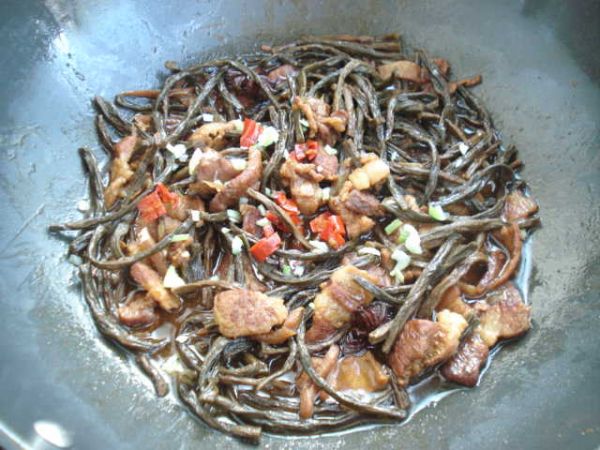 干豆角炖五花肉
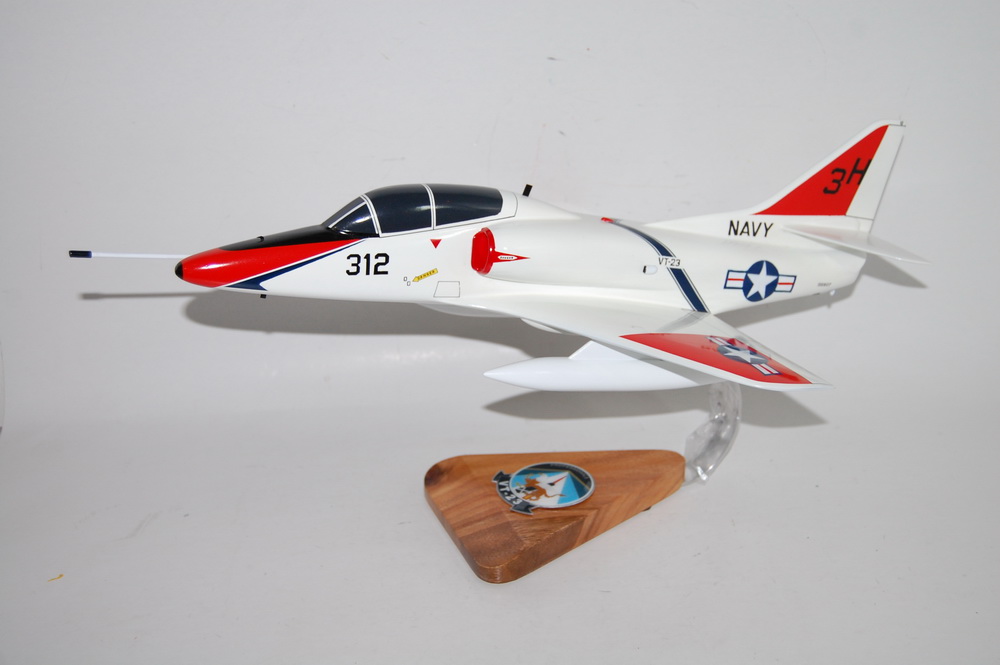 VT-23 Professionals TA-4J Model, 1/27th Scale, Mahogany, Navy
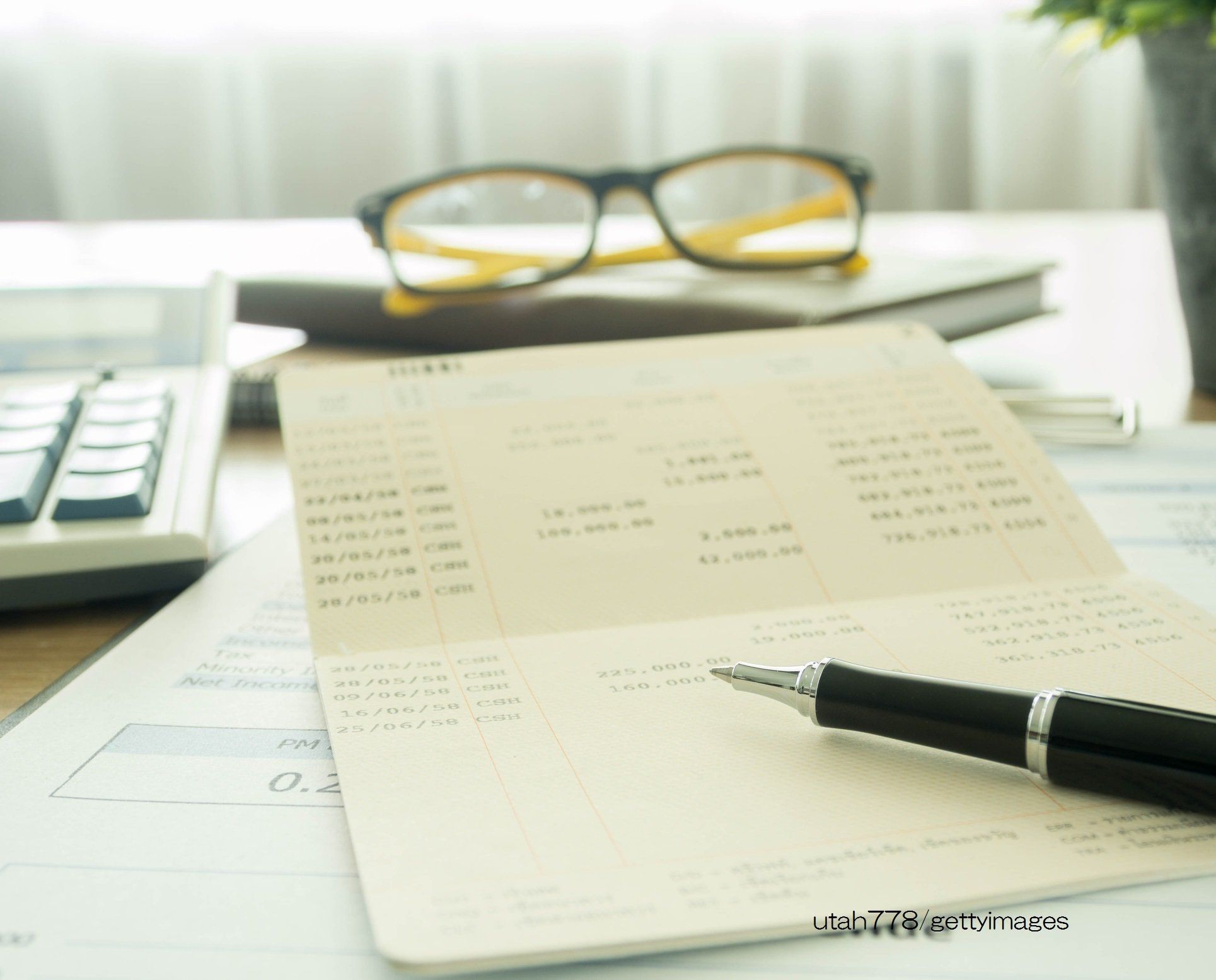 通帳、ハンコ、クレジットカードで無意識に金運を下げている？【Dr.コパの風水解説】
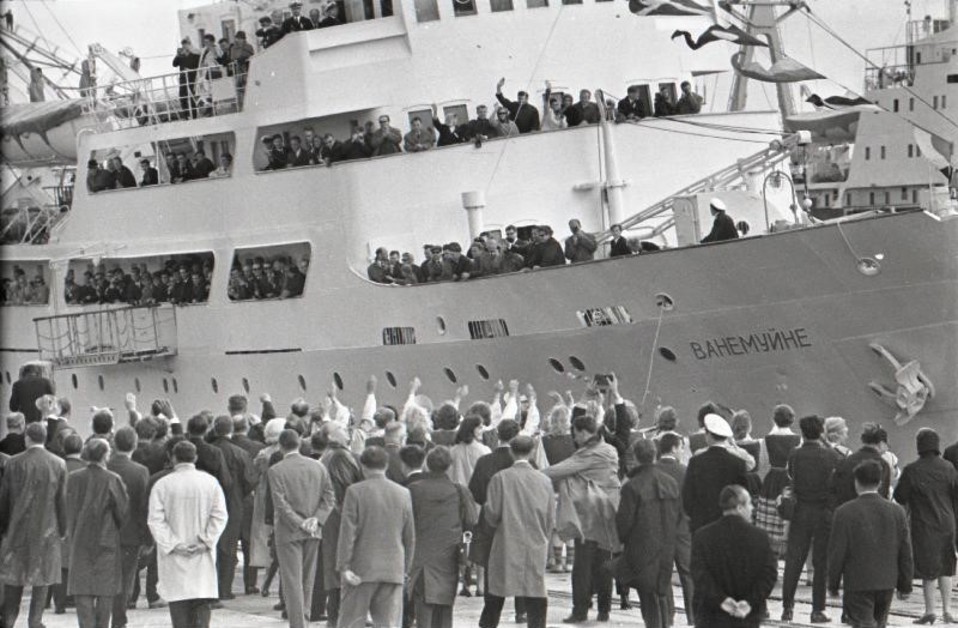 Suomen ja Viron välinen laivaliikenne loppui vuonna 1939, mutta käynnistyi uudelleen heinäkuussa 1965. Vanemuine-laivan kyydissä olleiden suomalaisten mukana Viroon tuli suomalaisia lehtiä, kirjoja ja länsimaisia ajatuksia.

Task instructions:
Reproduce the listing word for word. Do not carry over the pictures.

Solution to the problem:
 干豆角炖五花肉
 VT-23 Professionals TA-4J Model, 1/27th Scale, Mahogany, Navy
 通帳、ハンコ、クレジットカードで無意識に金運を下げている？【Dr.コパの風水解説】
 Suomen ja Viron välinen laivaliikenne loppui vuonna 1939, mutta käynnistyi uudelleen heinäkuussa 1965. Vanemuine-laivan kyydissä olleiden suomalaisten mukana Viroon tuli suomalaisia lehtiä, kirjoja ja länsimaisia ajatuksia.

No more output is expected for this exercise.